- Opening Delimiter -

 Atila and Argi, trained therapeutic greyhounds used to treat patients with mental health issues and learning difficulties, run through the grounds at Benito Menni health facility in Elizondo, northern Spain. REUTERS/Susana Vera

- Closing Delimiter -
- Opening Delimiter -

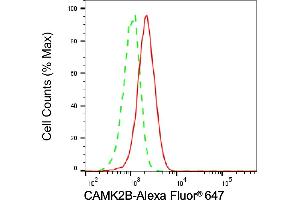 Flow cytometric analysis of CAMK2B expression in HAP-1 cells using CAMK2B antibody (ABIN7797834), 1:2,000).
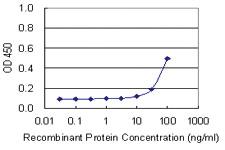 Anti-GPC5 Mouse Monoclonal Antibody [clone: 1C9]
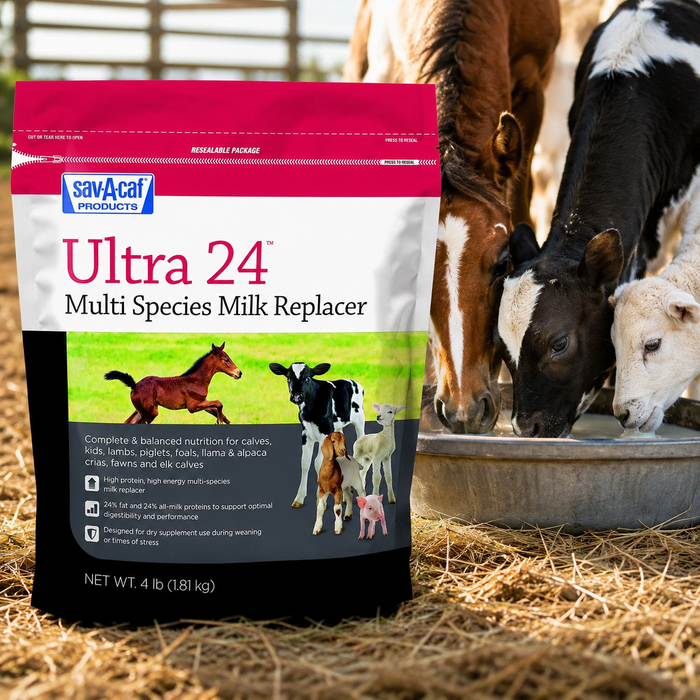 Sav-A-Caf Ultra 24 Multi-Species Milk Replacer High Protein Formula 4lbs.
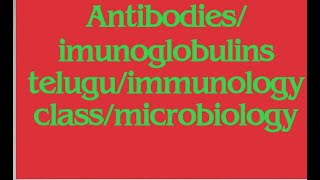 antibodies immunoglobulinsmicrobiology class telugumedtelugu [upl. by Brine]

- Closing Delimiter -

#### [REQUIRED WORK]
Starting at the line with "Sav-A-Caf Ultra 24" and finishing at the line with "antibodies immunoglobulinsmicrobiology class", copy the material above exactly, both lines included. Nothing else goes in, and no pictures.

#### [COMPLETED EXERCISE]
 Sav-A-Caf Ultra 24 Multi-Species Milk Replacer High Protein Formula 4lbs.
 antibodies immunoglobulinsmicrobiology class telugumedtelugu [upl. by Brine]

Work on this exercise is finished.